Give back, unaltered, the lines from the one with "8 Pc Dental Instruments Pk Thomas Plus" to the end of the material, omitting pictures.

> _Supplied material_:
------------------------------------------------------------------------
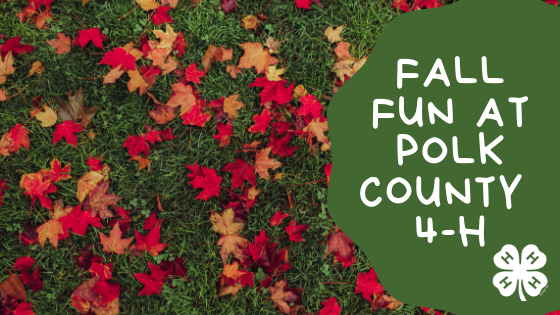 Polk County 4-H Fall Registration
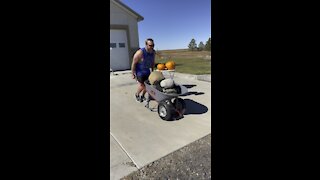 Wheelbarrow Workout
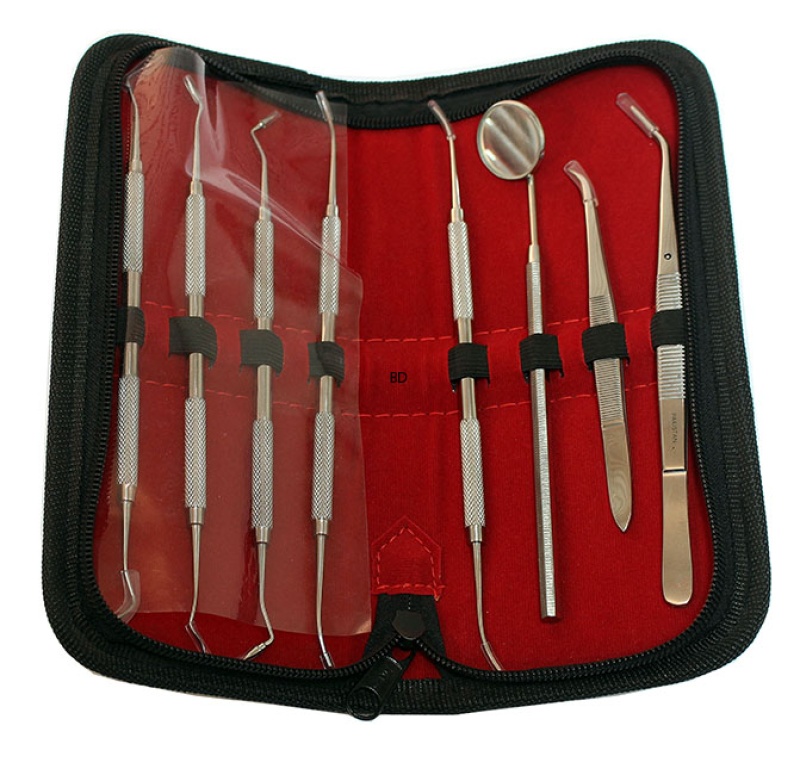 8 Pc Dental Instruments Pk Thomas Plus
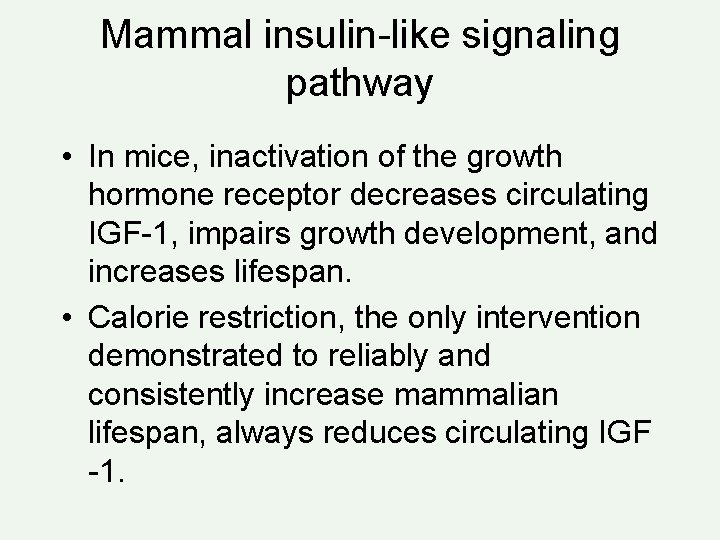 Mammal insulin-like signaling pathway • In mice, inactivation of the growth hormone receptor decreases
------------------------------------------------------------------------
> _Your response_:
 8 Pc Dental Instruments Pk Thomas Plus
 Mammal insulin-like signaling pathway • In mice, inactivation of the growth hormone receptor decreases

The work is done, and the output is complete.